# NAMA May Be Facing Cash Flow Crisis



## Lightning (25 Oct 2010)

A very well researched blog post, by NAMA Wine Lake, raises some frightening but very valid points with regard to the current liquidity position at NAMA: 

http://namawinelake.wordpress.com/2...-nama-report-that-was-due-nearly-a-month-ago/



> It came as a surprise to many that in May 2010, NAMA needed a €250m “working capital advance” repayable in October 2010. A surprise because NAMA already had €100m of capital (€51m from the “independent” private sector and €49m from the State) and also NAMA had taken over €16bn of loans and at least a third were supposed to be performing. Anyway, a €250m advance was provided by the Minister for Finance and was revealed in the Dail a day before it was disclosed in the May 2010 Exchequer statement. Today NAMA has less than a week to repay the €250m. This entry examines the likelihood of that happening, the probability of another bail-out (or “working capital buffer advance” in the language of Upper Merrion Street). The entry again asks about NAMA’s quarterly report and accounts which was due by the end of September 2010 (relating to the second quarter to 30th June 2010) – why is there a delay and is the delay due to the consideration of any excision from the report?
> 
> I believe NAMA is facing a liquidity crisis – remember that term from the banking crisis?
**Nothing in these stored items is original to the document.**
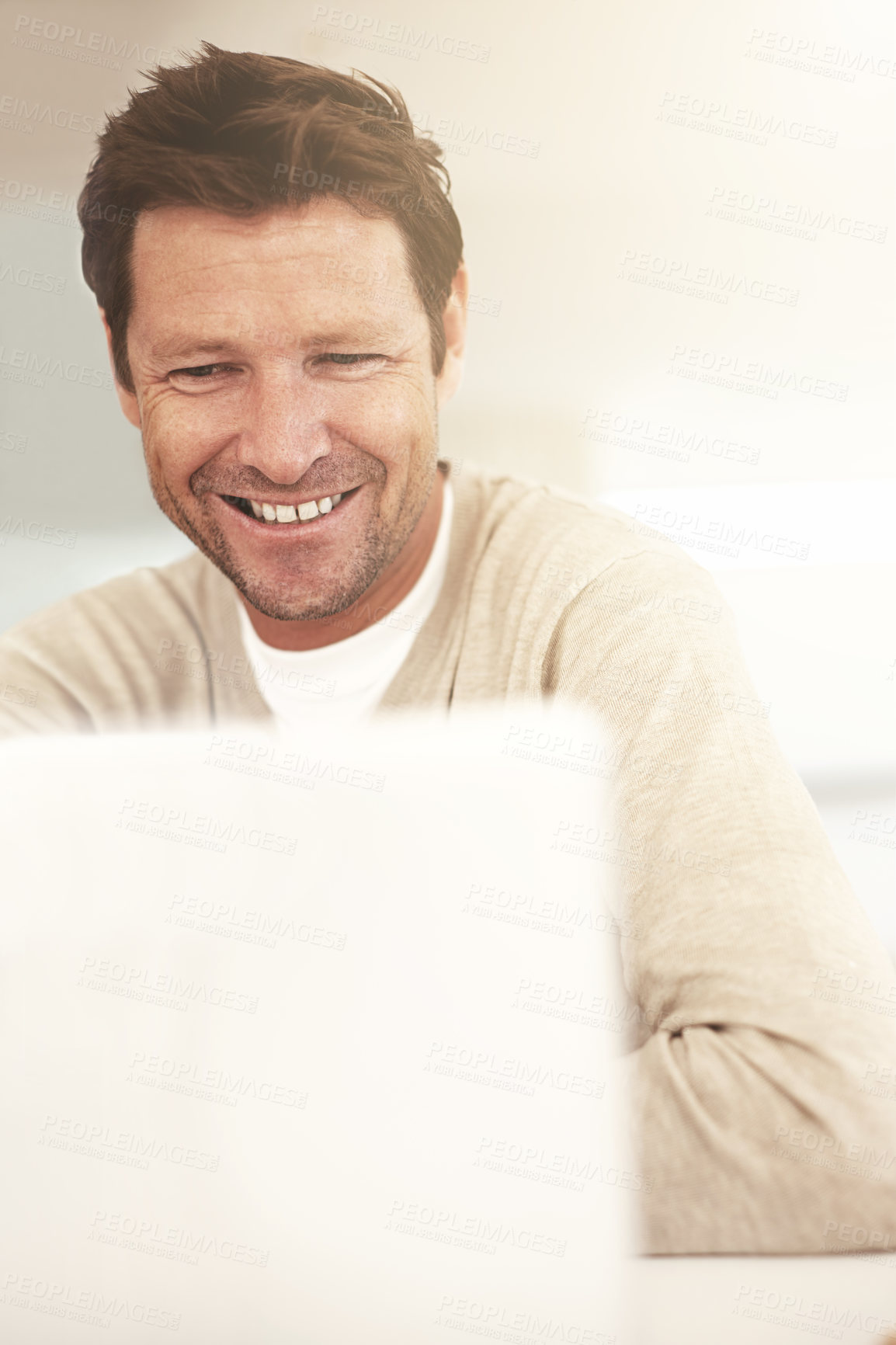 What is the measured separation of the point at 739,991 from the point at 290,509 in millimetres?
901

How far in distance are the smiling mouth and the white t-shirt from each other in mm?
159

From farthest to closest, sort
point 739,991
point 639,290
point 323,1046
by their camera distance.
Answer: point 639,290
point 323,1046
point 739,991

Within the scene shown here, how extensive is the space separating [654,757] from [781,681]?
0.24 metres

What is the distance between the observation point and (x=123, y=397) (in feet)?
5.35

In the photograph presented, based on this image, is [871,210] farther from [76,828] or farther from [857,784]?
[76,828]

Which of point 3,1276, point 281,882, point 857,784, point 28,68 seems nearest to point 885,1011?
point 857,784

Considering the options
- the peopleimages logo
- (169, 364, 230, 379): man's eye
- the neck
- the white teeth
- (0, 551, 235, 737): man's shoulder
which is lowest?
(0, 551, 235, 737): man's shoulder

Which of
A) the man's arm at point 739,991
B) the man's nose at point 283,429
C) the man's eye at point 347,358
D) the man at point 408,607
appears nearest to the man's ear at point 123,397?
the man at point 408,607

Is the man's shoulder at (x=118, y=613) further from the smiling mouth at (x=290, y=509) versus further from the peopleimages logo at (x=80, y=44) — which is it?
the peopleimages logo at (x=80, y=44)

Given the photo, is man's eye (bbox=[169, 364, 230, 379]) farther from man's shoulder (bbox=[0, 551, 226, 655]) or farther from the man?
man's shoulder (bbox=[0, 551, 226, 655])

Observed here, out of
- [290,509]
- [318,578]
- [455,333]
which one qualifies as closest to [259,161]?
[455,333]

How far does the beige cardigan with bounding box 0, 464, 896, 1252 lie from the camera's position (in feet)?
4.81

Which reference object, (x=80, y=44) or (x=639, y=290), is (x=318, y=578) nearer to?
(x=639, y=290)

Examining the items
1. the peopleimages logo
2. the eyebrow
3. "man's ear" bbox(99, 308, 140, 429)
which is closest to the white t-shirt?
the eyebrow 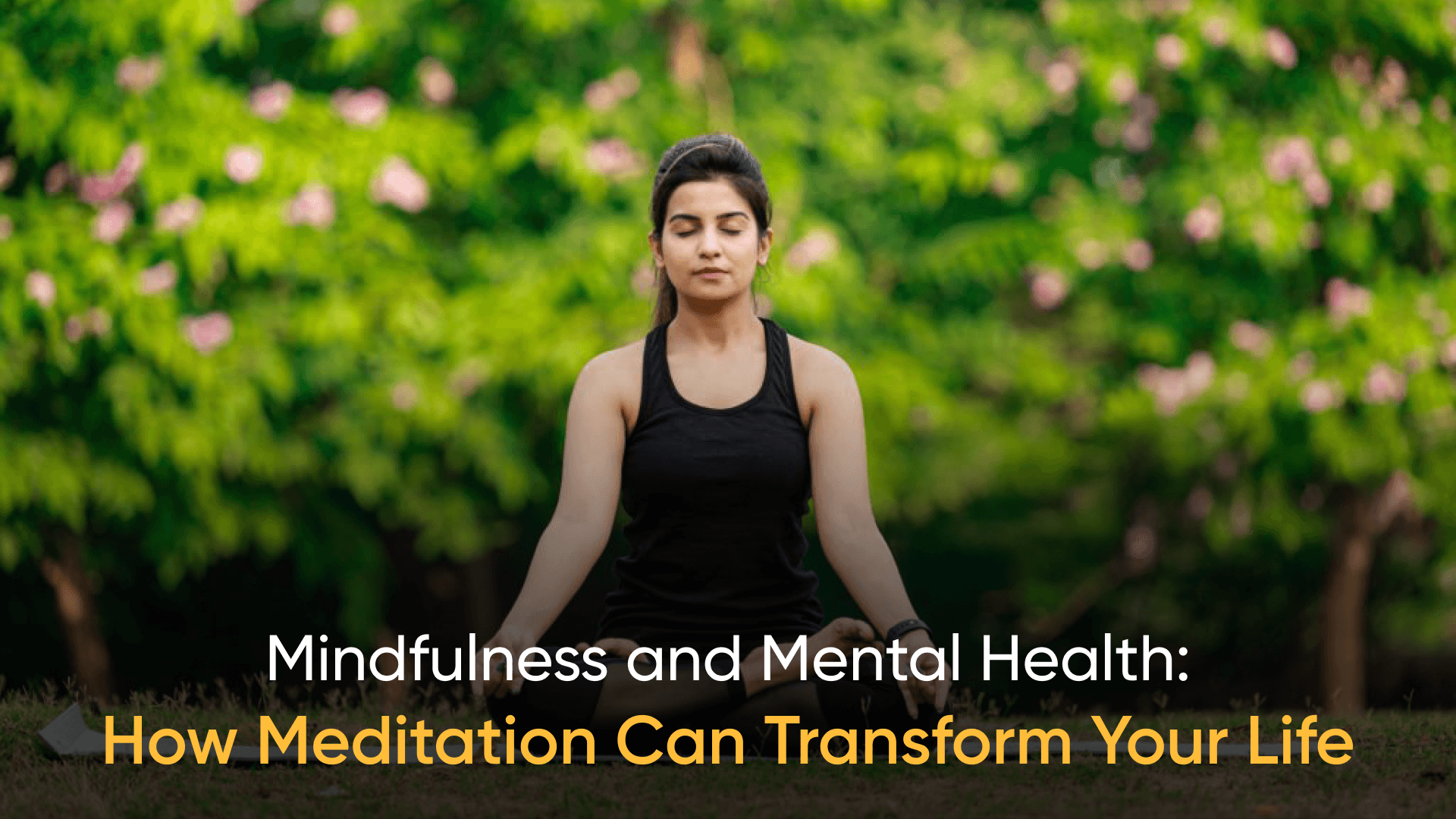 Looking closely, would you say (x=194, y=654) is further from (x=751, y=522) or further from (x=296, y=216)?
(x=751, y=522)

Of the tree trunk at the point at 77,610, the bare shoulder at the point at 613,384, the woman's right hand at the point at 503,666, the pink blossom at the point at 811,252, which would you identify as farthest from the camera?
the tree trunk at the point at 77,610

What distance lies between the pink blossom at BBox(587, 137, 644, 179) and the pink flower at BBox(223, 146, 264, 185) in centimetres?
147

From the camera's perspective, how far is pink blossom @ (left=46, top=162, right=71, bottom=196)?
26.0 ft

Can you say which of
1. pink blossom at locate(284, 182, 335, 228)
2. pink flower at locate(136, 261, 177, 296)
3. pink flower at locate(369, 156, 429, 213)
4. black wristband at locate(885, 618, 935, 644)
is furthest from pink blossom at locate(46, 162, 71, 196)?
black wristband at locate(885, 618, 935, 644)

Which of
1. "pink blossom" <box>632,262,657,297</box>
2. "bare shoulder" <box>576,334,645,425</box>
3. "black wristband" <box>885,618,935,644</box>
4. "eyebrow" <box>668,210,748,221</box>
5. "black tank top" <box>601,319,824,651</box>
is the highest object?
"pink blossom" <box>632,262,657,297</box>

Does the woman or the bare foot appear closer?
the bare foot

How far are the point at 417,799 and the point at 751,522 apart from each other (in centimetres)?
97

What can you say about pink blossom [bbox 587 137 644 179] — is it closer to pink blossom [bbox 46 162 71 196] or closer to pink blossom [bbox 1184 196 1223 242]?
pink blossom [bbox 46 162 71 196]

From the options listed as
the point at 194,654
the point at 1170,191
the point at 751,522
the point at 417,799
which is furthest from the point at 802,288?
the point at 194,654

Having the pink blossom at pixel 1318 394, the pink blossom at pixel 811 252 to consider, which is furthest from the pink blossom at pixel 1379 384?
the pink blossom at pixel 811 252

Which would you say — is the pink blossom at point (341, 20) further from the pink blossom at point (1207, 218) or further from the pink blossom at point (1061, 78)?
the pink blossom at point (1207, 218)

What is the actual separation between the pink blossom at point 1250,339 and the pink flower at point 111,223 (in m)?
5.25

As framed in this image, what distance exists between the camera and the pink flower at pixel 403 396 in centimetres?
786


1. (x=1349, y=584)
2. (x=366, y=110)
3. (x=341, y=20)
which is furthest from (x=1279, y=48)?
(x=341, y=20) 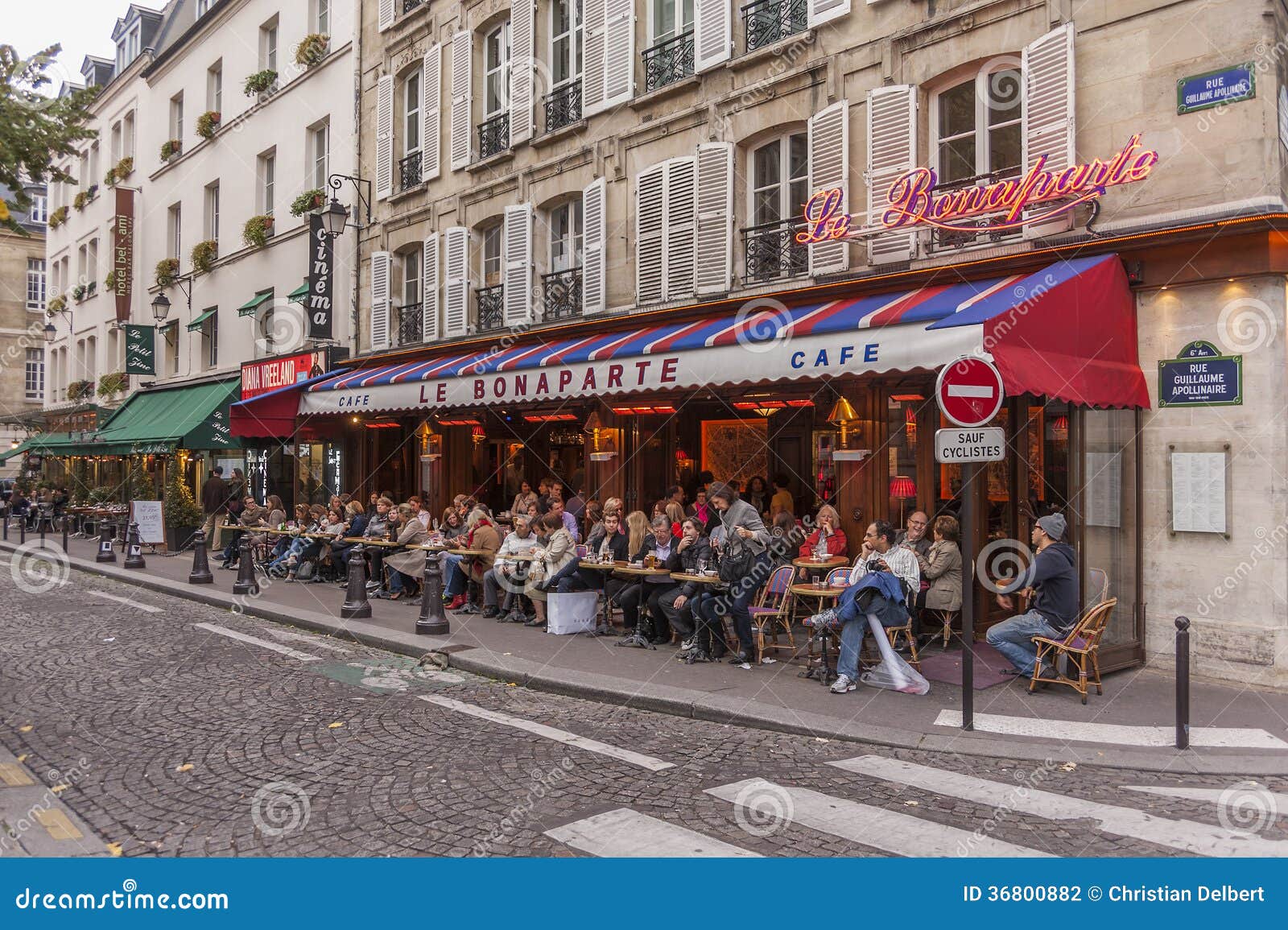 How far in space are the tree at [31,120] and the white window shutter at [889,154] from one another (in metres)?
7.70

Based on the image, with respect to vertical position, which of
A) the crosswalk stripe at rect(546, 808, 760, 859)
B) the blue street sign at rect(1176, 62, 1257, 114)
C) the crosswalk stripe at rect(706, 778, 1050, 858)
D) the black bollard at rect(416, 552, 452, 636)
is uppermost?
the blue street sign at rect(1176, 62, 1257, 114)

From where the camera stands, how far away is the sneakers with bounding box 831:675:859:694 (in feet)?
24.6

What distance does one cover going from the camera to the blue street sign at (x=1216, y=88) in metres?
7.88

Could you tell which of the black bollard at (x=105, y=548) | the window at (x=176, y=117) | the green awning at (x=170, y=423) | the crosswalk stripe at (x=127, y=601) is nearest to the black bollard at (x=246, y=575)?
the crosswalk stripe at (x=127, y=601)

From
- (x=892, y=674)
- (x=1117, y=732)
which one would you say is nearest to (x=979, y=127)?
(x=892, y=674)

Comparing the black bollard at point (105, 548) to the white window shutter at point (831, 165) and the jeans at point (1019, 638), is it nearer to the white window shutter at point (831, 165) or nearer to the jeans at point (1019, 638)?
the white window shutter at point (831, 165)

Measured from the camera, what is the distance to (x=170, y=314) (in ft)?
85.9

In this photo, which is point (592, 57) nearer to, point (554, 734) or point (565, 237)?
point (565, 237)

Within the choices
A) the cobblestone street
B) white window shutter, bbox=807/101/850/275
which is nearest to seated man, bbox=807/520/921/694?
the cobblestone street

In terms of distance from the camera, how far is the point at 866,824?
4676 millimetres

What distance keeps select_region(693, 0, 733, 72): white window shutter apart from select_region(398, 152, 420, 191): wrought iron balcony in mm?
7441

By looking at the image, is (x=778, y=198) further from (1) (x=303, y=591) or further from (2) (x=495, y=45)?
(1) (x=303, y=591)

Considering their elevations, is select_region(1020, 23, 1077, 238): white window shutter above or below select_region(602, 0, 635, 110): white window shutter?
below

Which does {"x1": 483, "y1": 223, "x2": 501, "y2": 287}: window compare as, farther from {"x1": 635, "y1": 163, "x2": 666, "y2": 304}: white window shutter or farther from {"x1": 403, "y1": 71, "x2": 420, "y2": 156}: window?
{"x1": 635, "y1": 163, "x2": 666, "y2": 304}: white window shutter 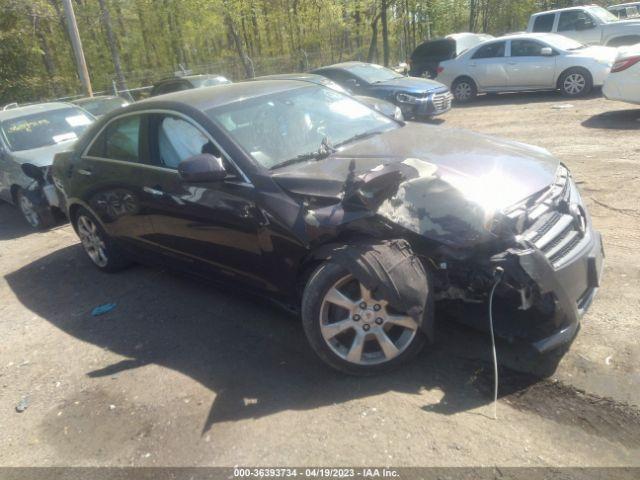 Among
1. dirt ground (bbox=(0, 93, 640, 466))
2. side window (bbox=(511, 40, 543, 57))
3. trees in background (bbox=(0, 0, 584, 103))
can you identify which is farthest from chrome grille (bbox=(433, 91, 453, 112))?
trees in background (bbox=(0, 0, 584, 103))

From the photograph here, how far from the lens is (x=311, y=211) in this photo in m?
3.24

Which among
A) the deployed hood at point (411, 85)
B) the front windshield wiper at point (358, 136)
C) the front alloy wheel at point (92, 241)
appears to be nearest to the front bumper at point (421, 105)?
the deployed hood at point (411, 85)

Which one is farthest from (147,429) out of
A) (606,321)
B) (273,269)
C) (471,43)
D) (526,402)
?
(471,43)

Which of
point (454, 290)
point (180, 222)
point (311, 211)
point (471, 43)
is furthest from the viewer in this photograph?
point (471, 43)

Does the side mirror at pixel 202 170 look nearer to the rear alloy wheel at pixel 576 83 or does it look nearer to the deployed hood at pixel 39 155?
the deployed hood at pixel 39 155

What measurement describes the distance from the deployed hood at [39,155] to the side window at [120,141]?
286 cm

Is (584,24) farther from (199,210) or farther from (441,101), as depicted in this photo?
(199,210)

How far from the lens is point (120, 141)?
473 cm

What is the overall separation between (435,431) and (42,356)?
123 inches

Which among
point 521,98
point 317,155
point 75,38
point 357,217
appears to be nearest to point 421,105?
point 521,98

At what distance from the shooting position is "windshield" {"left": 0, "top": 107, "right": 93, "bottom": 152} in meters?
8.19

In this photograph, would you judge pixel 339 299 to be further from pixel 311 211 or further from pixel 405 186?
pixel 405 186

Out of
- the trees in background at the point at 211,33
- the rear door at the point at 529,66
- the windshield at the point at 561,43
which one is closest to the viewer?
the windshield at the point at 561,43

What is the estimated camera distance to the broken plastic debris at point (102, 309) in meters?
4.75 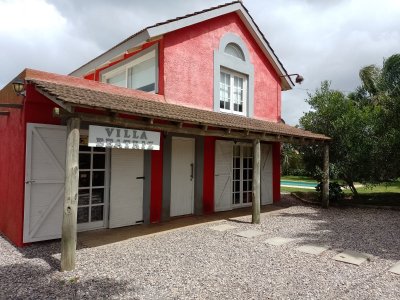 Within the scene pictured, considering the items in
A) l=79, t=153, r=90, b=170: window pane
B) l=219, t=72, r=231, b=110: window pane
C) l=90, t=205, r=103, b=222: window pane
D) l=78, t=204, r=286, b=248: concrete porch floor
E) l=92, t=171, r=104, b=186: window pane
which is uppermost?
l=219, t=72, r=231, b=110: window pane

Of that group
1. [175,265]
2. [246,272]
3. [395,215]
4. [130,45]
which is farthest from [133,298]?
[395,215]

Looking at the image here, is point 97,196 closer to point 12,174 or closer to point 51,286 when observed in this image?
point 12,174

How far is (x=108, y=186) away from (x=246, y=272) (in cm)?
397

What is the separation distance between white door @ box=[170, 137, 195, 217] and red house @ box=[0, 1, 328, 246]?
30 mm

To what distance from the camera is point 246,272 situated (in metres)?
4.53

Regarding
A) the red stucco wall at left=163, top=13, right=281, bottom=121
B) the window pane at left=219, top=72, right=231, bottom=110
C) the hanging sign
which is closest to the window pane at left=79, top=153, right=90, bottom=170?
the hanging sign

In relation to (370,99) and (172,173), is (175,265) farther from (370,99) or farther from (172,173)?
(370,99)

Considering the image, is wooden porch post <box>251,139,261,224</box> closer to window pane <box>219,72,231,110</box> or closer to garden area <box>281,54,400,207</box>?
→ window pane <box>219,72,231,110</box>

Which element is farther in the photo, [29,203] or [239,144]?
[239,144]

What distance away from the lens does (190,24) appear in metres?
9.02

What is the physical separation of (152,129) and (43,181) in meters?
2.51

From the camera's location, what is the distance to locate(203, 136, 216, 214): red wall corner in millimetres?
9281

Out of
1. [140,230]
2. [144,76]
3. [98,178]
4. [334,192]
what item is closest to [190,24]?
[144,76]

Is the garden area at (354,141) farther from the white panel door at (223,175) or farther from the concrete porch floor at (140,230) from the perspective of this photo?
the concrete porch floor at (140,230) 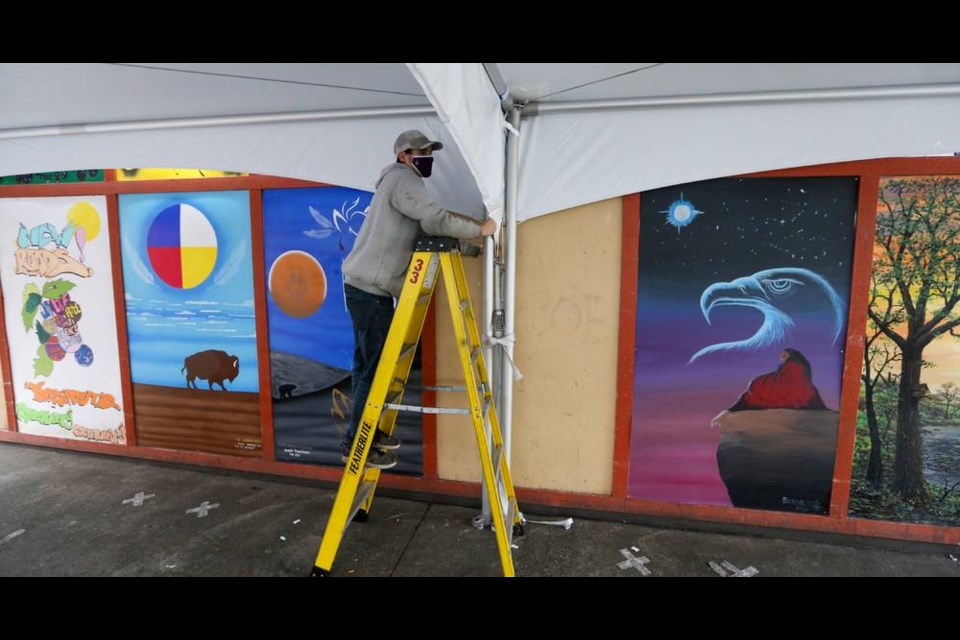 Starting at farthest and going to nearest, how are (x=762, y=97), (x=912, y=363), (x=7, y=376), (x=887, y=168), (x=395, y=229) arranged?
(x=7, y=376) < (x=912, y=363) < (x=887, y=168) < (x=762, y=97) < (x=395, y=229)

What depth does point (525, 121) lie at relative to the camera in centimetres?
260

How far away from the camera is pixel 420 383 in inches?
123

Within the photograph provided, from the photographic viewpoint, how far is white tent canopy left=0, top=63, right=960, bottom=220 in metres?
2.12

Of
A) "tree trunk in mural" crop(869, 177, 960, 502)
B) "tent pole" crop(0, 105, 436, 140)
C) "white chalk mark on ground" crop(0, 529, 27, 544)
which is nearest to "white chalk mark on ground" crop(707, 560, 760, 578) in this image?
"tree trunk in mural" crop(869, 177, 960, 502)

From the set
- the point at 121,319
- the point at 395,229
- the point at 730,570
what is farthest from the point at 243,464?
the point at 730,570

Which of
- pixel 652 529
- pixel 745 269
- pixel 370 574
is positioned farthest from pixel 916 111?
pixel 370 574

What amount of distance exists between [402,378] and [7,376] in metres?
3.77

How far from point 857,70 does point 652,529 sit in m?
2.46

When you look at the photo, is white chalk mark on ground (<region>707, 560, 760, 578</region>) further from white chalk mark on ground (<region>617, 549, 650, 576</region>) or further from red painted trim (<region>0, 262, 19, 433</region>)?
red painted trim (<region>0, 262, 19, 433</region>)

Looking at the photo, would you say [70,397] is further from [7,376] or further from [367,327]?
[367,327]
It’s supposed to refer to a situation where NAMA is due cash (either in interest or capital or from its euro paper programme) but can’t actually lay its hands on the readies, and meanwhile there are developers pleading for working capital and indeed salaries around the €200k per annum mark if you believe some of yesterday’s newspaper reporting. The reasons I believe NAMA is facing a liquidity crisis are as follows:


----------



## tiger (25 Oct 2010)

Maybe someone should send this to the likes of Willie O'Dea, Frank Fahey & the other NAMA appologists who were trying to sell us the idea that NAMA would make a profit


----------



## Shawady (26 Oct 2010)

No fan of NAMA but at least some of the UK stock may turn a profit.

http://www.independent.ie/business/irish/nama-makes-euro140m-profit-on-anglo-loan-deal-2394084.html


----------



## shanegl (26 Oct 2010)

I don't believe a word of it. I was assured that NAMA would wash its own face.


----------



## tiger (27 Oct 2010)

I think NAMA will "wash it's face" for a few years, while they're still only making interest payments on the loans and they sell off the best assets.  I suspect in 3-5 years time (i.e. well before the ten years are up), it will have turned in to a black hole of debt with no/worthless security or repayments being made.


----------